One thing is certain: Mishkin never knew consciously about his negative infatuation with oranges. Mishkin and the anti-orange. Oranges and the anti-Mishkin.

We must not, however, make the error of positing simple opposition. Mishkin's overdetermined disregard for oranges might not imply an opposite. More likely the figure of speech we are looking for is the oxymoron: the mating of opposites. Incongruities are not reciprocal. Reciprocity is lost in the oxymoron.

28

"The beast that kills by boredom," said the robot, "is also found in these parts. His voice is firm and authoritative. His statements are unchallengeable and unbelievable. His appearance is unimpeachable and obnoxious. You meet him and wish him dead, although he had done nothing wrong, absolutely nothing. He speaks to you about this in a reasonable manner. The tension becomes unbearable. Your inability to act induces apathy, which is heightened by the extreme monotony of your situation. Since you cannot kill him, you kill yourself."

"Where is he now?" Mishkin asked.

"Boring fish for his dinner. He does this by lecturing to them on their inalienable rights."

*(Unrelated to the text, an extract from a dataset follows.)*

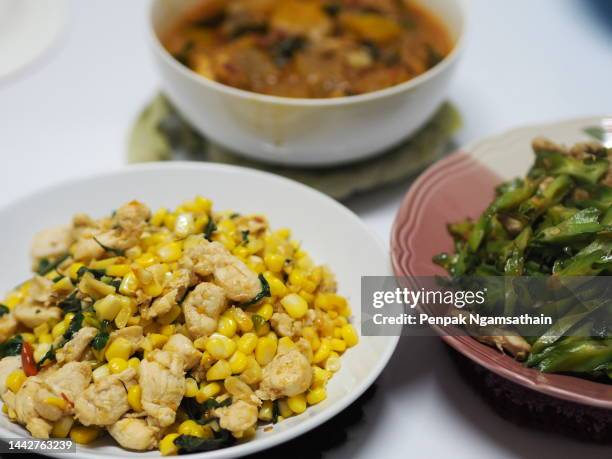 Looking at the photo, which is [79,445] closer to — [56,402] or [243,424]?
[56,402]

"I beg your pardon," a fish said. "No fish has ever been bored to death."

"Go get stuffed," the robot snarled.

29. Confusion Termed Key to Understanding

Upon a flat white rock Mishkin saw a white princess telephone. As he came up to it the telephone began ringing.

Mishkin picked it up and said, "Hello."

"Tom? Tom Mishkin? Is that you?"

"It is," Mishkin said. "Who is this?"

"This is your uncle, Arnold Epstein. Tom, how is everything?"

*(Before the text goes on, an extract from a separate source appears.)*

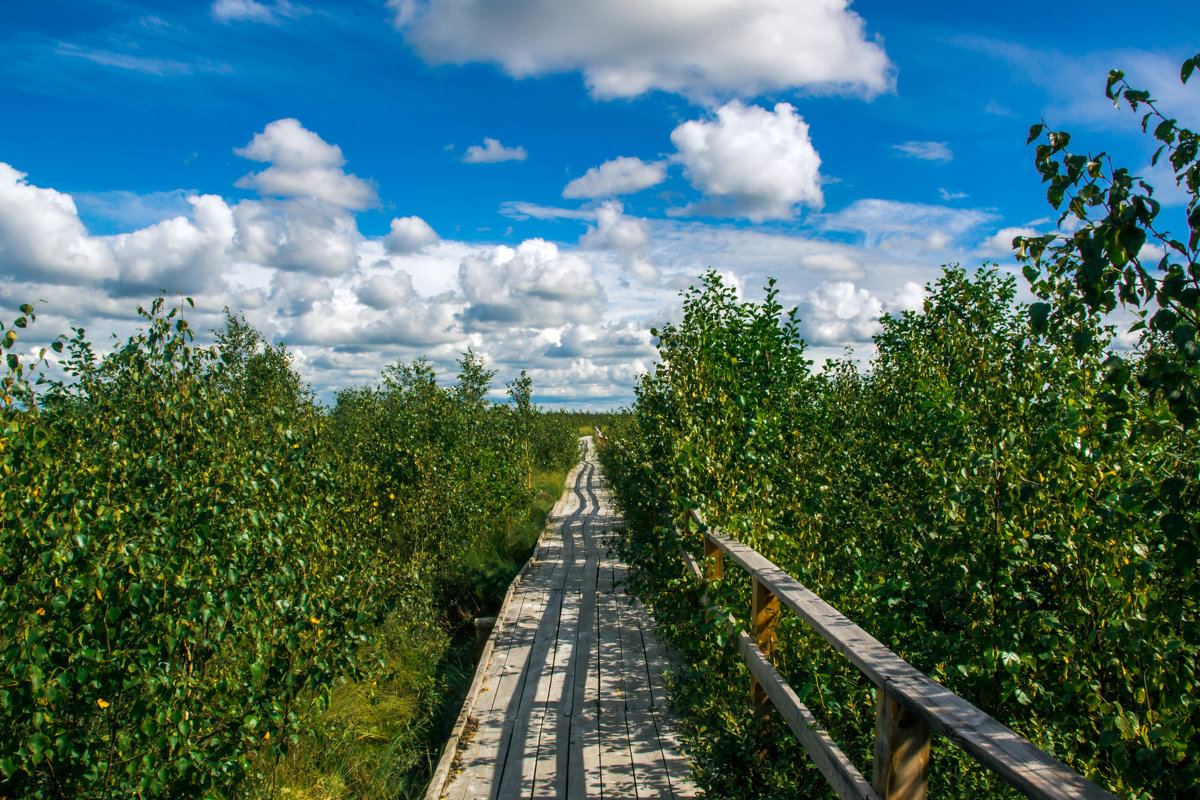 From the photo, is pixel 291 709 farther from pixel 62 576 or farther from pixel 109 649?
pixel 62 576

"Not bad," Mishkin said. "I've got a few problems…"

"Who hasn't? But your health, is it good?"

"Fine, Uncle Arnold. And yours?"

"Not bad, considering. Tom, it's good to hear your voice."

"Uncle Arnold, how did you happen to call me here?"

"It was a free gift from the A & P. I was the millionth customer for the morning and they awarded me a basket of groceries and one telephone call to anyone I wanted to call anywhere."

"Well, it's nice that you called me, I appreciate it."

"It's been a pleasure for me to hear your voice. Listen, Tom, your parents, are they well?"

"Fine," Mishkin said.

"And your sister?"

"She's fine. She's in Europe."

"That's nice. And where are you, I didn't quite understand the operator."

"I'm on a planet called Harmonia."

"Is it a nice place?"

"I suppose so."

"Well, have a nice vacation. Tom, is there anything I can do for you?"